U.S. National Security Adviser Jake Sullivan said on Sunday the United States would respond "decisively" to any Russian use of nuclear weapons, without elaborating. He said Washington had privately told Moscow "exactly what that would mean".

Asked about Sullivan's comments, Kremlin spokesman Peskov said: "There are channels for dialogue at the proper level, but they are of a very sporadic nature. At least they allow for the exchange of some emergency messages about each other's positions."

The annexation votes are being held in Kherson and Zaporizhzhia provinces in Ukraine's south and Luhansk and Donetsk provinces in the east, around 15% percent of Ukraine's area, equivalent to the size of Portugal.

None of those provinces is now fully under Moscow's control and fighting has been underway along the entire front line, with Ukrainian forces reporting more advances since they routed Russian troops in a fifth province, Kharkiv, earlier this month.

The exiled mayor of Russian-controlled Melitopol in the Zaporizhzhia region accused Russia of forcibly enlisting Ukrainian men in occupied areas into its armed forces.

"Today the situation is critical: our residents are scared, our residents are panicking, they don’t know what will happen tomorrow and when they will actually take our people away for enlisting," Mayor Ivan Fedorov said.

He denounced the referendum as "a fake and a farce".

"The voting takes place in front of assault rifles, men with weapons... People are grabbed right on the street and are forced to vote not only for themselves but for their whole families," he said via videolink from an undisclosed location.

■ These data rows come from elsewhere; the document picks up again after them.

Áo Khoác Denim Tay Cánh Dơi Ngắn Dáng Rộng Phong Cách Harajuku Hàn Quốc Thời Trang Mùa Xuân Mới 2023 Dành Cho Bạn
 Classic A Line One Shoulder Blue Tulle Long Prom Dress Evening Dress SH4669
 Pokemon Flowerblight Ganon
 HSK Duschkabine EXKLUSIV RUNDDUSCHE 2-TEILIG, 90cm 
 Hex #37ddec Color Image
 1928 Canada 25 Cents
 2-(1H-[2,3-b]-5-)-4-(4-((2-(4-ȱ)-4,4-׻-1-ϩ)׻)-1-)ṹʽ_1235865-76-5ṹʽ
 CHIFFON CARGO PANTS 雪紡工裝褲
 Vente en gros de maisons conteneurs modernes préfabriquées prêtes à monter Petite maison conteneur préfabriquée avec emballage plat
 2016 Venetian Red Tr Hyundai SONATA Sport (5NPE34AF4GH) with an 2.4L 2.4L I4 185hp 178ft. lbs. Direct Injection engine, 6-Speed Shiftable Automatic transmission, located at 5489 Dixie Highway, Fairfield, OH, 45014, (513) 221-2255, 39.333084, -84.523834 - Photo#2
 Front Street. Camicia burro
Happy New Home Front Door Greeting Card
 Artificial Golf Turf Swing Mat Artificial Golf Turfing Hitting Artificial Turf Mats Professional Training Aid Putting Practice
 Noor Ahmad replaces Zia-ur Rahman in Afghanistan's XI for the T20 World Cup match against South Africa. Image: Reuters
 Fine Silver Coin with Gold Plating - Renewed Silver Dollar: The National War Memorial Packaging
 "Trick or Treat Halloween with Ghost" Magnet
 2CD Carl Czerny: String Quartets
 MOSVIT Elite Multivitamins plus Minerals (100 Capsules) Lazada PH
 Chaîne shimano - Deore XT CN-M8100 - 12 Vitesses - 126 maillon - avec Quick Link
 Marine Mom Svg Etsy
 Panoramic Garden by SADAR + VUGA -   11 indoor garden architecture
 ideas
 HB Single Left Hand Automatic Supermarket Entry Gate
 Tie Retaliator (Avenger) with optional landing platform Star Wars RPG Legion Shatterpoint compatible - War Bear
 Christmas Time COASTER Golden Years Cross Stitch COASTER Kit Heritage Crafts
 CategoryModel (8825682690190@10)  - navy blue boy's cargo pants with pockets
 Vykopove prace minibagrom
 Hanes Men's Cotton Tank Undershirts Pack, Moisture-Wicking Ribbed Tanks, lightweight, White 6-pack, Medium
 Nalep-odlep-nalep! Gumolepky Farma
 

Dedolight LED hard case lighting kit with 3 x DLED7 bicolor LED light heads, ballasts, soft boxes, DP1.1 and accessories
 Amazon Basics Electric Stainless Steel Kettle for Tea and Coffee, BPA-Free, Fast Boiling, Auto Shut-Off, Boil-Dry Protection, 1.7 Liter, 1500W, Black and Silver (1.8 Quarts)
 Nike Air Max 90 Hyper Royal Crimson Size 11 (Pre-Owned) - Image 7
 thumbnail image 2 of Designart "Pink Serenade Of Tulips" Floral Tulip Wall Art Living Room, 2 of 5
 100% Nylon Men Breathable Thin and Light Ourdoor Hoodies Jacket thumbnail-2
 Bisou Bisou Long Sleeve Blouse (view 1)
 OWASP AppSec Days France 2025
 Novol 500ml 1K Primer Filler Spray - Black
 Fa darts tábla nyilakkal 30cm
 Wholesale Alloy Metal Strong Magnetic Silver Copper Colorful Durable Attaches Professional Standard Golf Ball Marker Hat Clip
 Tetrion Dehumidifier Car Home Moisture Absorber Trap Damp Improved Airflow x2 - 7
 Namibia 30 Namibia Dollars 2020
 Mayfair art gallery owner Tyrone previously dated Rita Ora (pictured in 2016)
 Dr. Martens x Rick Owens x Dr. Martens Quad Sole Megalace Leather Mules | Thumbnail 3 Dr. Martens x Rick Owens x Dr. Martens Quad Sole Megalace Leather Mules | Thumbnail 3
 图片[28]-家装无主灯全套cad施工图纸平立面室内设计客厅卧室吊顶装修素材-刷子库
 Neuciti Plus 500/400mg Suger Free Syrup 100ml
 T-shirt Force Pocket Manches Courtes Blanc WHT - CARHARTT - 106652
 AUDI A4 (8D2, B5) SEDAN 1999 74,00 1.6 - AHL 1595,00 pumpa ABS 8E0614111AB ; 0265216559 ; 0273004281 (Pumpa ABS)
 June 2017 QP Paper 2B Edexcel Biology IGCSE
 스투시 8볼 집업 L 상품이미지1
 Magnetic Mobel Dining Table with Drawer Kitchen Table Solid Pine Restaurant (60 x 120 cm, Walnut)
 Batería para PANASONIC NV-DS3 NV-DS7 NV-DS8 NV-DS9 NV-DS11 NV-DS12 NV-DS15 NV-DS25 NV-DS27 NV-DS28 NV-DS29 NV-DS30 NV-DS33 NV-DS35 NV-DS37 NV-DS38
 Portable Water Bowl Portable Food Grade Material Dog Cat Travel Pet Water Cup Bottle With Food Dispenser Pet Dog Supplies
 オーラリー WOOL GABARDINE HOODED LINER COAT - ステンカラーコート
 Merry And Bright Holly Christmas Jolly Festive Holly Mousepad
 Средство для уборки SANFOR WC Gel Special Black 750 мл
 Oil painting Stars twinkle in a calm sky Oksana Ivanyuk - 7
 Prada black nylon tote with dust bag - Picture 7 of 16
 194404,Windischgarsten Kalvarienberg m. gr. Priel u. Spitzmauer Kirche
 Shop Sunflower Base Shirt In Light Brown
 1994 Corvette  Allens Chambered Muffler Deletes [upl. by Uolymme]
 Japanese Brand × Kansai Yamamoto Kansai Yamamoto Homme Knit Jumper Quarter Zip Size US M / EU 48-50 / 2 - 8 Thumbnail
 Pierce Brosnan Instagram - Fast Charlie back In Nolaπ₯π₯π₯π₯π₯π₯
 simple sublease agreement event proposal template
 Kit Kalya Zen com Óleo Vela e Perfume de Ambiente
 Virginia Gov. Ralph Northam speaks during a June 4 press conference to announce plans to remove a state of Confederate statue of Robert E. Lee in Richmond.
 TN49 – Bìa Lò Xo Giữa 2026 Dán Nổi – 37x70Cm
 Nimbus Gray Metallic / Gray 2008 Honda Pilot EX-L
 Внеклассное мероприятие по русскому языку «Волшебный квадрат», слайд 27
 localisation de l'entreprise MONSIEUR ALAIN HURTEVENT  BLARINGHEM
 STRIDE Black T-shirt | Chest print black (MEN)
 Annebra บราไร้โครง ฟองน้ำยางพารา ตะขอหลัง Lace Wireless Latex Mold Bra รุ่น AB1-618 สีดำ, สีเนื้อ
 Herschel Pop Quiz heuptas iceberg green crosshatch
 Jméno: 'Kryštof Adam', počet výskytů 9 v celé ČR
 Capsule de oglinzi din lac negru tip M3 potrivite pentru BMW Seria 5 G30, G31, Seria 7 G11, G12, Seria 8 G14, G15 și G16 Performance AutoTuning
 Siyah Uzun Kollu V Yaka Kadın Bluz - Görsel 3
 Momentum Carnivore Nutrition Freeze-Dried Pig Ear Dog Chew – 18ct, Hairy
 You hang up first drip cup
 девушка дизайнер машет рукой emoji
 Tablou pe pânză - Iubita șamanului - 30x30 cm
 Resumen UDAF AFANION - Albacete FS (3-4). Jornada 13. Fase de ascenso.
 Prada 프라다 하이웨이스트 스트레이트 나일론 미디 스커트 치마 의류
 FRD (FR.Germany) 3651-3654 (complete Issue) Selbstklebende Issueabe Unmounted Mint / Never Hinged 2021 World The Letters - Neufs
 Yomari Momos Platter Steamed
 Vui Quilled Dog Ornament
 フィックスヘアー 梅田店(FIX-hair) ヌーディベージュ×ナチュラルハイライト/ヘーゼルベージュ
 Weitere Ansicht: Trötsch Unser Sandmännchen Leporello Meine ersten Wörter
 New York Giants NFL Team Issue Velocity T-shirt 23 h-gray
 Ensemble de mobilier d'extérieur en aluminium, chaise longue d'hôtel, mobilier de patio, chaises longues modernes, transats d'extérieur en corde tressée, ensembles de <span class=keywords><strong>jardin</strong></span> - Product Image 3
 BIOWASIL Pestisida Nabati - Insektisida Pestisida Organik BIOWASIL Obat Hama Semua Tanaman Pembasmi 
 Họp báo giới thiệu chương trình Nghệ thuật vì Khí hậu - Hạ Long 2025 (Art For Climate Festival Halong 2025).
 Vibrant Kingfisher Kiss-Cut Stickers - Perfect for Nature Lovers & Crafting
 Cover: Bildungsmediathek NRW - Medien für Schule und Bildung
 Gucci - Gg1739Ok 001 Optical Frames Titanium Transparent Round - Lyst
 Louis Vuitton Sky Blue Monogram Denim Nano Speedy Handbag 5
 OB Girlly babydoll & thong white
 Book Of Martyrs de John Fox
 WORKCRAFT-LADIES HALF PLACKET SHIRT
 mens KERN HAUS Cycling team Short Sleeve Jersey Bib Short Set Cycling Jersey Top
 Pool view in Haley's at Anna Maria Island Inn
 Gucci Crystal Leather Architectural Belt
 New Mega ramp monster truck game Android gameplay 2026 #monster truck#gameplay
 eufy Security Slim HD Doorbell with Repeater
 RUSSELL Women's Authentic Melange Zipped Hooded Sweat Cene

The Ukrainian governor of Luhansk said Russian-backed officials were carrying ballot boxes from door to door, accompanied by security officials. Residents' names were taken down if they failed to vote as demanded, Serhiy Gaidai said.

Even traditional Russian allies such as Serbia and Kazakhstan have said they will not recognise the annexation votes. Moscow says voting is voluntary and turnout is high. When it held a referendum in Crimea after seizing that peninsula in 2014, it declared 97% of people had voted for annexation.

President Volodymyr Zelenskiy met his security chiefs on Monday to plan ways to counteract Russia's use of "new types of weapons" after Moscow stepped up attacks in the Odesa region using Iranian combat drones.

Russia carried out at least five attacks on targets in the region using Shahed-136 drones in the last few days, Serhiy Bratchuk, spokesperson for Odesa's regional administration, told a news briefing. One of the attacks hit an undisclosed military target in the southern region in the early hours of Monday, he said.